Madonna não tem sido muito feliz nesta nova era dos social media e da pessoalização da figura do emissor, talvez porque é assim uma espécie de fruto da última geração das Grandes. Madonna isolou-se à frente, foi a camisola amarela da Pop até perder o comboio e ser mais interessante no passado que no seu presente produtivo. Faltava-lhe aquela verve rebelde e doida e fémina e libertadora e perigosa que é a sua imagem de marca. Parecia que à Madonna faltava a Madonna. 

Ao contrário da Simone, que conseguia mesmo antes de dia 18, identificar com uma entertainer cheia das qualidades que queremos ver em alguém que é uma lenda viva, à Madonna nunca fui assim muito capaz de atribuir essas coisas.
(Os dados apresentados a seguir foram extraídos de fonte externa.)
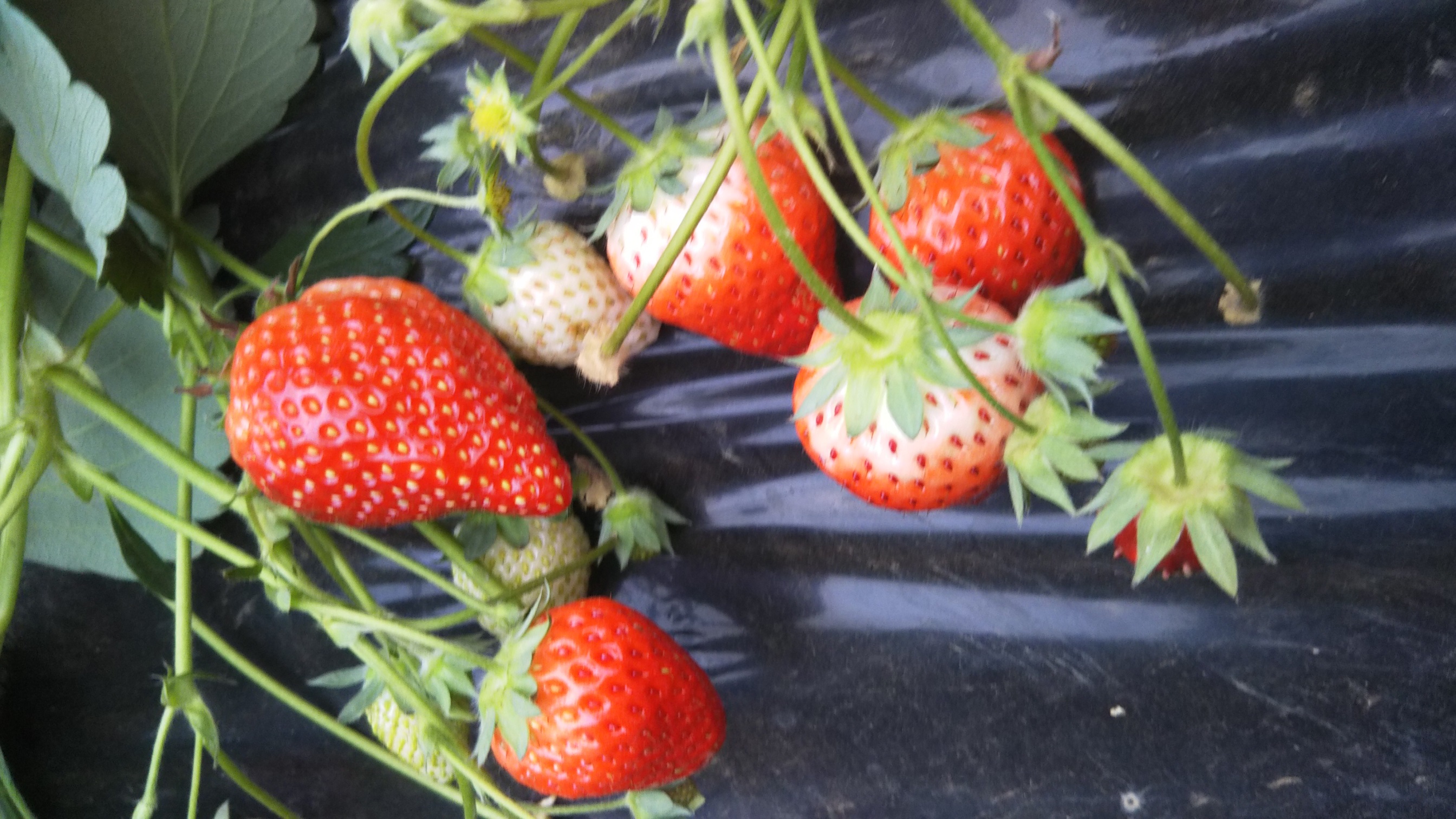 千葉 君津 年2月29日 4月5日 30分食べ放題 大人気のいちご狩りプラン 旅名観光農園フルーツ村 じゃらん遊び体験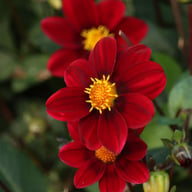 Topmix Purple Dahlia Tuber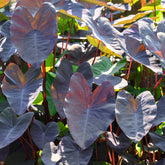 Colocasia Black Magic - Oreille d'éléphant - Willemse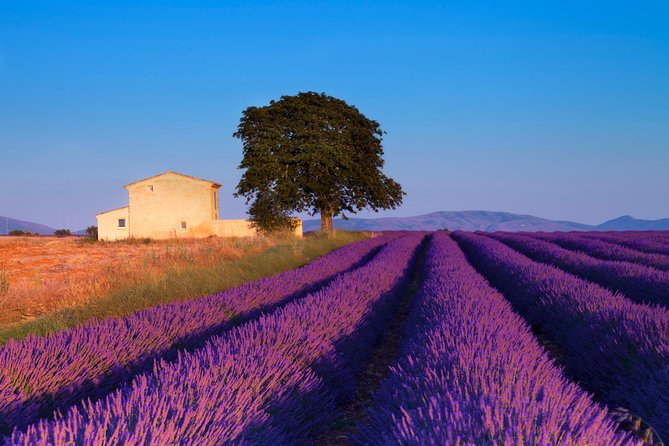 Provence Lavender Fields Tour from Aix-en-Provence - Comfort, food, and what to pack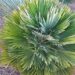 CHAMAEROPS HUMILIS VULCANO SUPER RARE & HARD TO FIND DWARF & COLD HARDY FAN PALM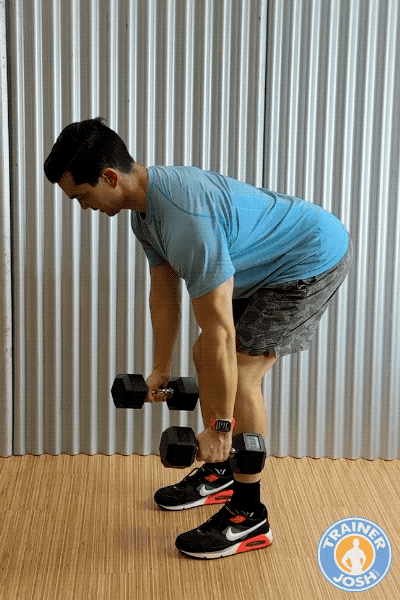 dumbbell bent over rows dumbbell bent-over rows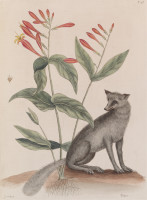 RS.18822 image RS.18822
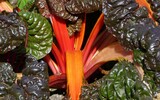 chard 483234_1280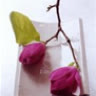 CocoDaisy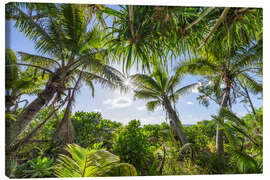 Canvas print Relaxation under shady palm trees - Jan Christopher Becke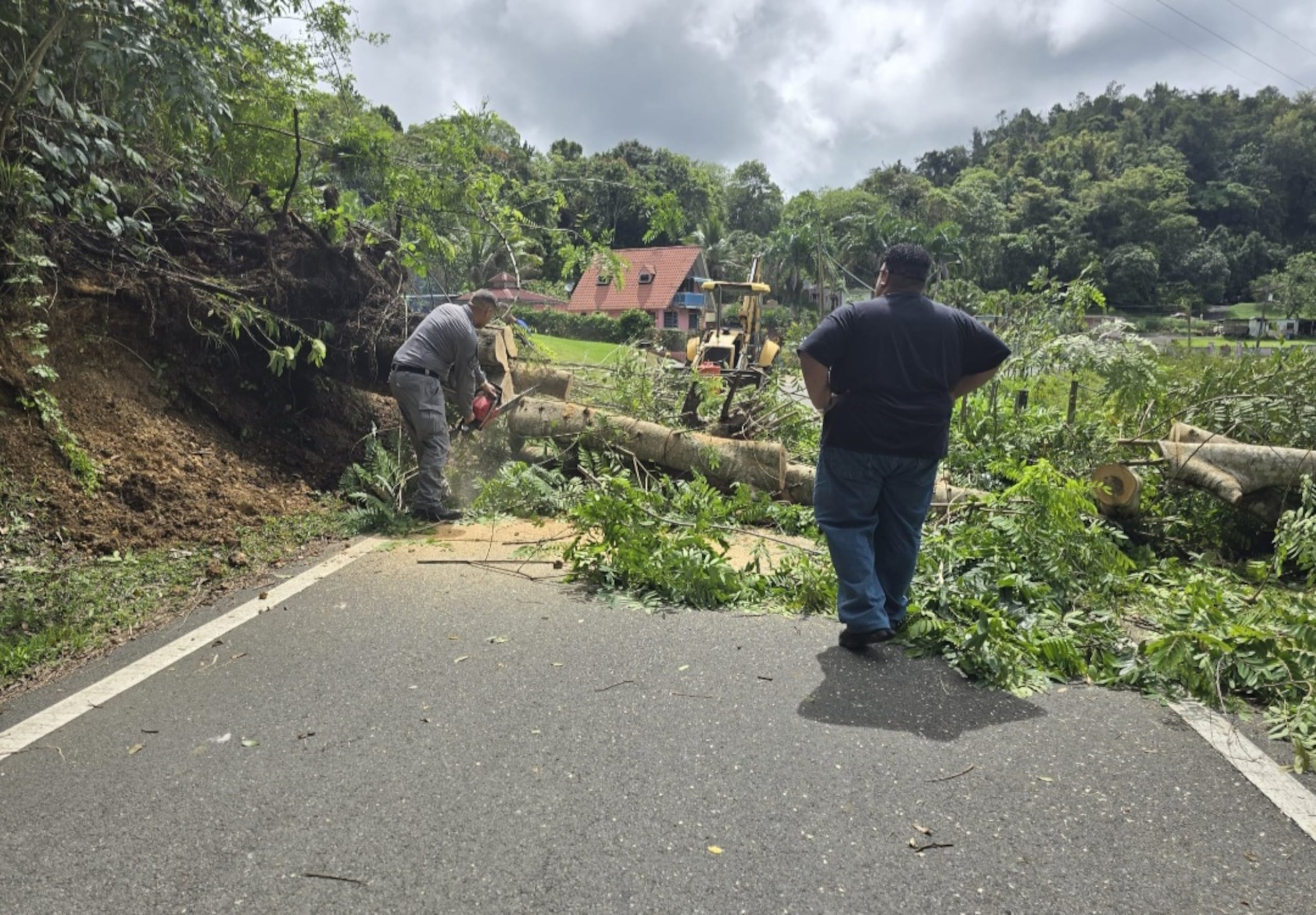El árbol cayó en la carretera 641, kilómetro 2.1, del barrio Pajonal, en Florida.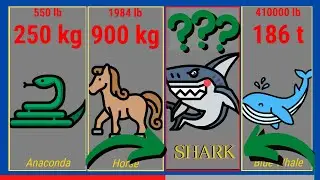 Heaviest Animals on Earth ❗ Weight Comparison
Via-a muito ocupada com o ioga e as coreografias e pouco preocupada com a Madonna. Se calhar a Madonna precisou de por a Madonna a descansar.

Só que a Madonna já dormiu a sesta e cuidado com ela! 

No seu novo vídeo – Bitch, I'm Madonna – a Senhora Dona Madonna emerge com uma imagem extremamente pop, muitíssimo Jeremy Scott; toda ela é diversão e sorrisos, toda ela é uma sereia no seu mar. Madonna está em casa, chegou bem e esperamos que não tencione de lá sair. É muito bonito vê-la interagir com as largas dezenas de pessoas com quem se cruza, transmitindo esta ideia de tangibilidade que parecia ter pedido. E… Oh! O Alexander Wang! O Jon Kortajarena! O Chris Rock! OMG!!! 

Sim, a Madonna tem imensos amigos famosos, mas também estão lá todos os outros a povoar o vídeo. A música não interessa grandemente, e a grande polémica são as intervenções aparentemente filmadas em modo selfie em telefones da Beyoncé, do Kanye West, da Miley Cyrus e da própria Nicky Minaj. Que parece que não é assim muito giro, esse formato. Mas dada a disfunção Madonna-new media, não me parece assim tão estranho. Também não me parece estranho porque, segundo o meu amigo que é amigo d'Ela, Ela é mesmo assim: gosta, faz. E adora e faz tudo no iPhone e às tantas apega-se ao que fez no iPhone e acaba por utilizar essas mesmas versões que, aparentemente, não têm qualidade. 

Bitches, Ela é A Madonna, logo Ela pode. 

Tal como esta fase em que vemos a Simone, ainda não acho que poderemos ver a Madonna, mas acho que este vídeo marca o princípio dessa nova fase de reaproximação ao público, de manutenção do Mito através da quebra de alguns cânones que associamos à Madonna. 

Ou talvez o vídeo me tenha chegado num dia de grande felicidade por poder ter partilhado um palco com a Simone, quem, pela sua postura maravilhosa, me tenha feito entender a Madonna. Partilham importância no nosso contexto. Têm apenas diferenças de estado.